No necesitaba mirar para saber que era Mateo.
Su pecho se movía lentamente, como si estuviera conteniendo la ira.
Al pensar que seguramente había malinterpretado lo de Javier, le expliqué de inmediato:
—Me torcí el pie sin querer y casi me caigo, el señor Martínez solo me ayudó.
Mateo no dijo nada.
Levanté la vista con cautela, y lo vi mirando molesto a Javier.
Javier, por su parte, bajó la mirada con una sonrisa un poco irónica:
—¿Por qué me mira así, señor Bernard? Incluso si solo ayudé a Aurora, aunque realmente hubiera algo entre nosotros, creo que ya no es asunto suyo, ¿no? Después de todo, usted y Aurora ya no tienen nada, ¿verdad?
—Ja —Mateo se rio, y su voz sonó molesta—Solo quería recordarle algo, señor Martínez: como figura pública, debería cuidar su imagen. No sea que se meta en un escándalo innecesario y eso afecte el estreno de esta película. Sería una verdadera lástima.
Javier sonrió, tranquilo, casi ni moviendo la boca:
—Toda la preparación para el estreno ya está hecha, no hay forma de que se retrase. A menos que…

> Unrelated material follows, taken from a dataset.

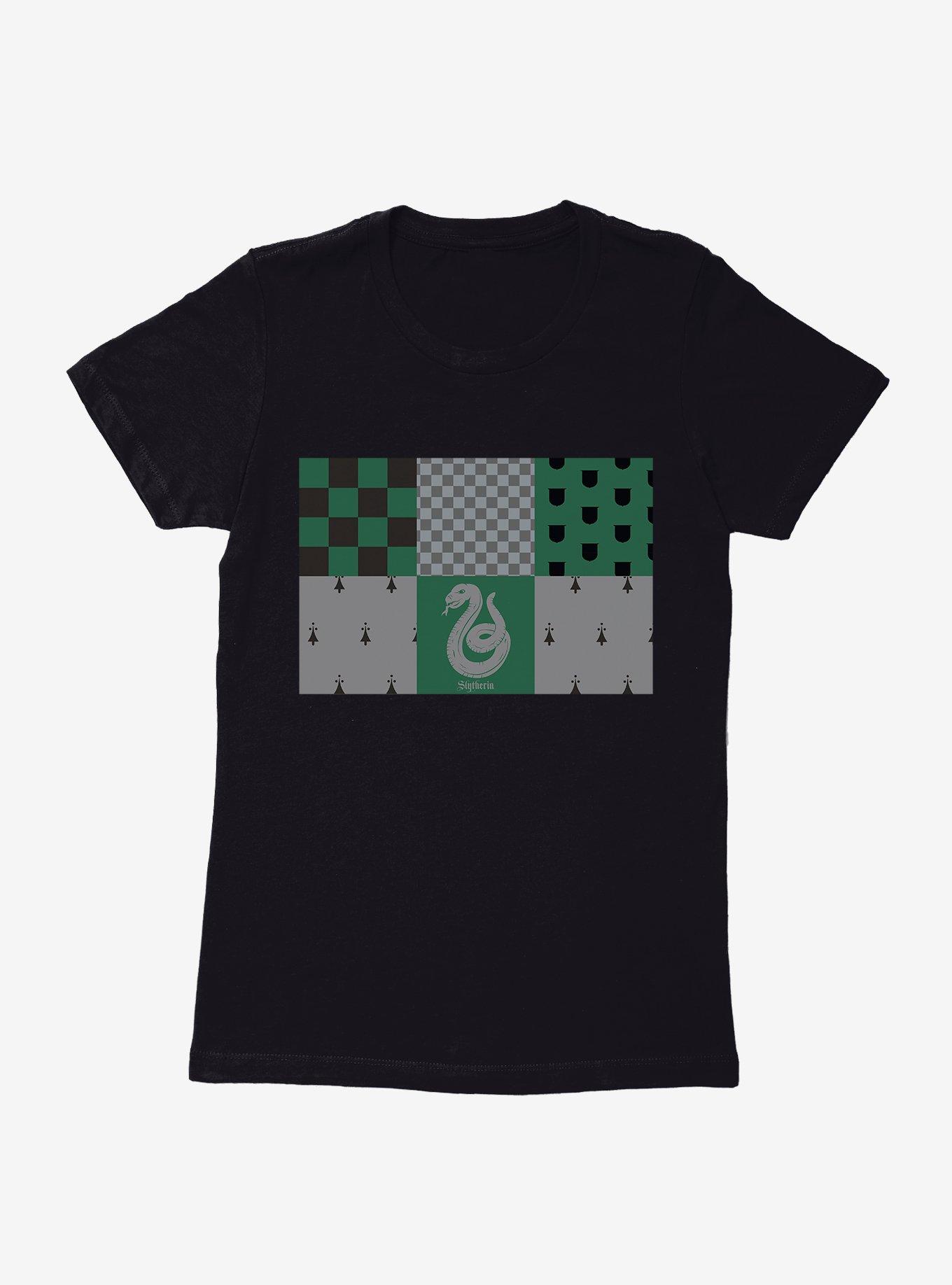 Harry Potter Slytherin Checkered Patterns Womens T-Shirt, BLACK, hi-res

Mientras hablaba, le lanzó una mirada que decía más que mil palabras a Mateo:
—… alguien sabotee deliberadamente la película.
Lo miré, confundida.
¿Por qué decía eso? ¿Y por qué miraba así a Mateo?

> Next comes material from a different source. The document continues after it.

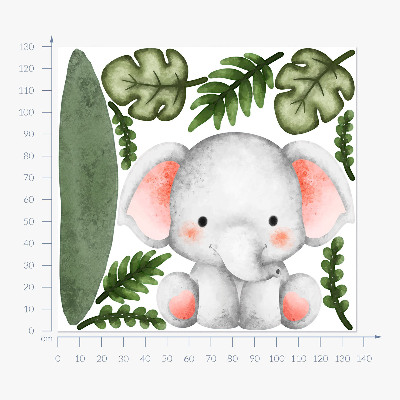 Autocolant pentru perete 130x136 Elefant într-o junglă de acuarelă pastelată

Era como si insinuara que Mateo podría estar planeando algo contra el estreno.
Pero no tenía sentido.
Después de todo, Mateo era el mayor inversionista de la película. Si alguien deseaba que tuviera éxito, debía ser él y Michael.
Mientras pensaba en eso, Michael se acercó.
—¿Aurorita?
Me sorprendió escucharlo llamarme así. Sentí que hacía siglos que no lo veía, y al verlo hoy, noté que se veía más delgado.